Work request: Give back exactly the lines of the entries below from the line with "Aksi solidaritas massa" to the line with "126 WHEELER LN, Frederick, MD 21702", inclusive, and only those.

Dataset records:

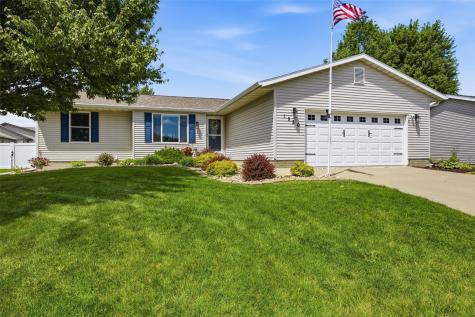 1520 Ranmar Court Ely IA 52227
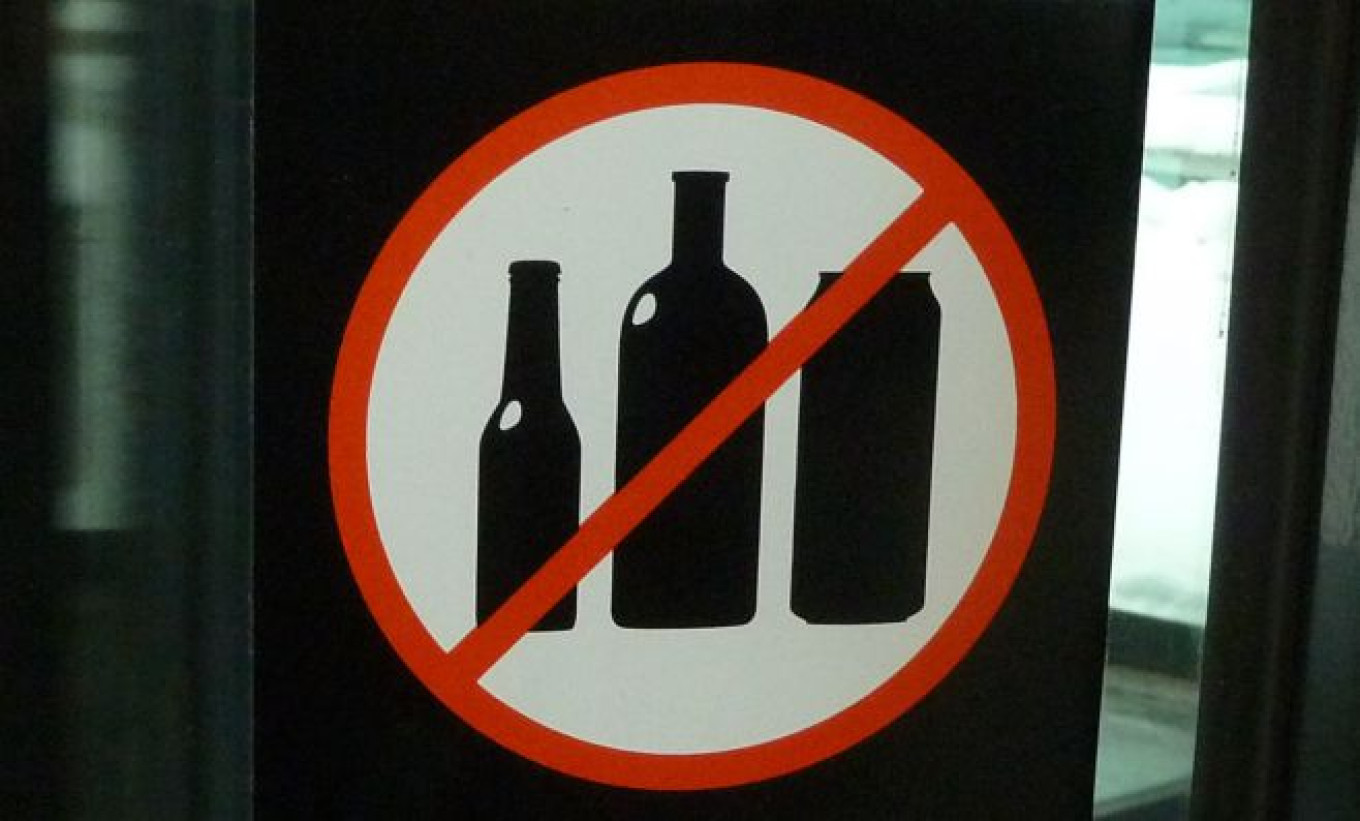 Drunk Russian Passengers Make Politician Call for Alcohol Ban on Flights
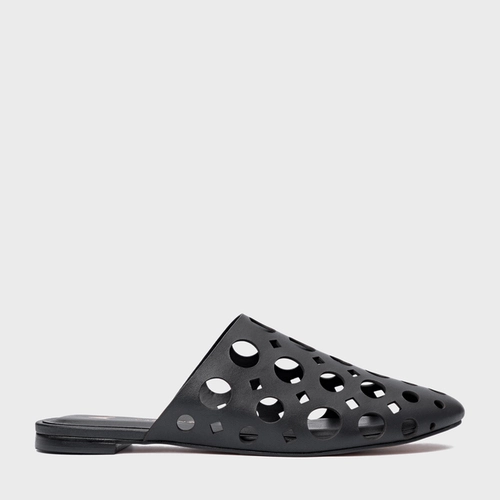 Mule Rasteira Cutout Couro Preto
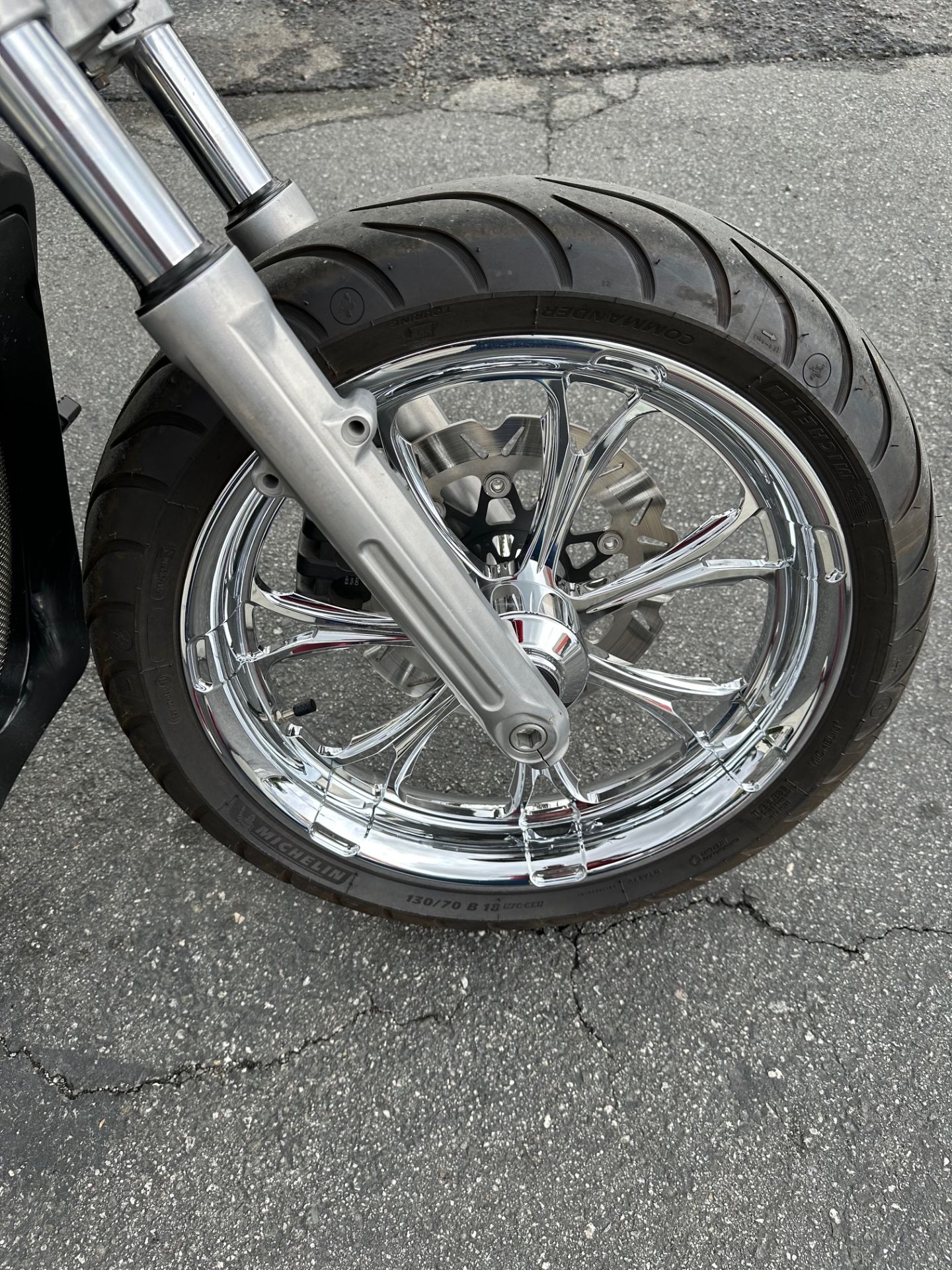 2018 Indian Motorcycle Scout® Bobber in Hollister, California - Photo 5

...

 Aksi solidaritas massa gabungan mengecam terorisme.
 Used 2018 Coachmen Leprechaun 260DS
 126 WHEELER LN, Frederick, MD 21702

Exercise output:
 Aksi solidaritas massa gabungan mengecam terorisme.
 Used 2018 Coachmen Leprechaun 260DS
 126 WHEELER LN, Frederick, MD 21702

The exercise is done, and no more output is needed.